Interest Payment Dates: March 15 and September 15, commencing March
15, 2000.
Regular Record Dates: March 1 and September 1.
Reference is hereby made to the further provisions of this Note set
forth on the reverse hereof, which further provisions shall for all purposes
have the same effect as if set forth at this place.
3
IN WITNESS WHEREOF, the Company has caused this Note to be signed
manually or by facsimile by its duly authorized officers.

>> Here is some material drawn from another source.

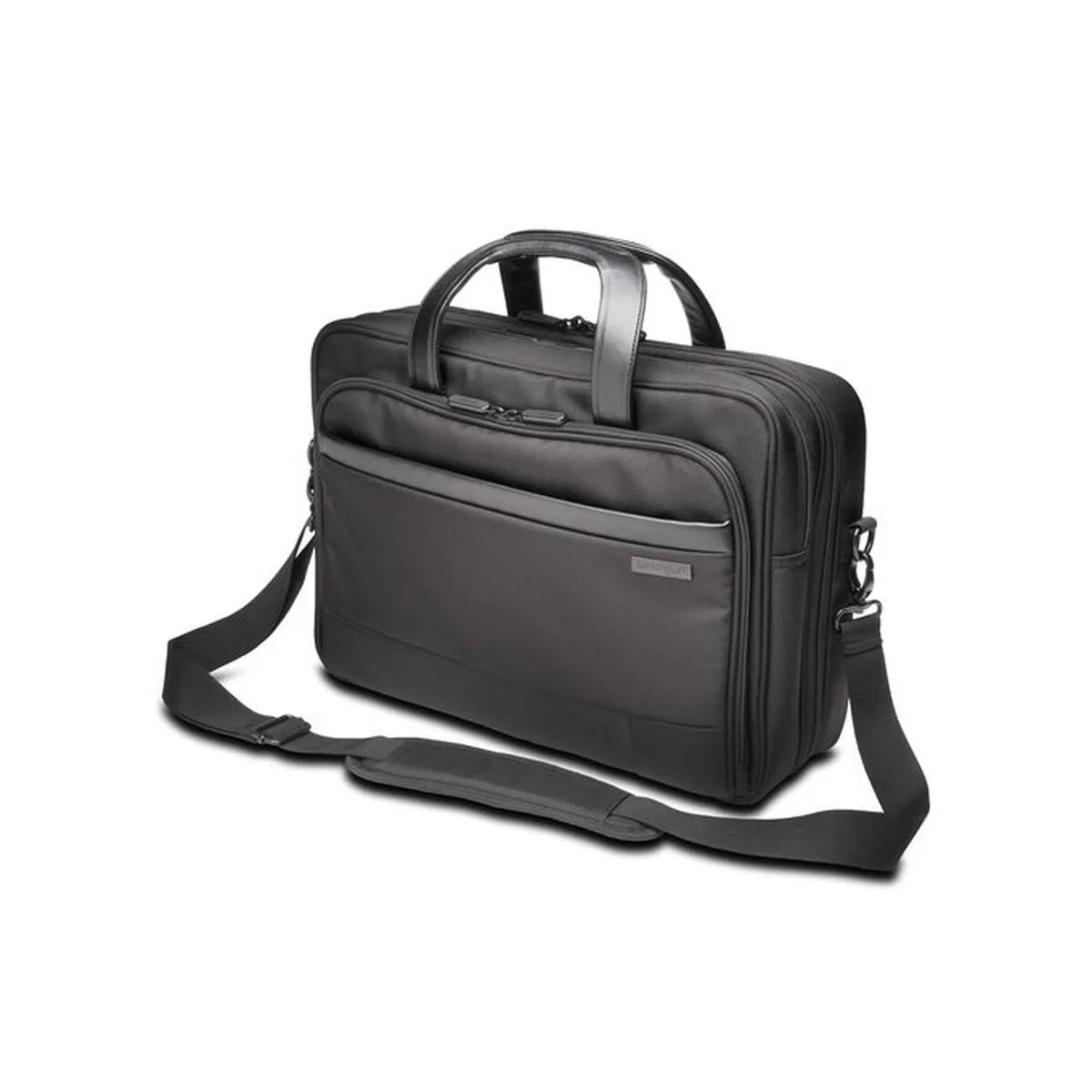 Housse pour ordinateur portable kensington k60386eu noir 15 6 s5510148691. Diaytar s'engage : derrière chaque produit se cache une promesse de qualité, de durabilité et de satisfaction.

Date: OMNIPOINT CORPORATION,
as Issuer
By_________________________
Name:
Title:
By_________________________
Name:
Title:
This is one of the 11 1/2% Senior Notes due 2009 described in the
withinmentioned Indenture.
HSBC BANK USA,
as Trustee
By_________________________
Authorized Signatory
4
REVERSE SIDE OF NOTE
OMNIPOINT CORPORATION
11 1/2% Senior Note due 2009
(1) Principal and Interest. The Company promises to pay the principal
----------------------
of this Note on September 15, 2009.
The Company promises to pay interest on the principal amount of this
Note on each Interest Payment Date, as set forth below, at 11 1/2% per annum
until maturity and shall pay the Liquidated Damages, if any, payable pursuant to
Section 5 of the Registration Rights Agreement referred to below.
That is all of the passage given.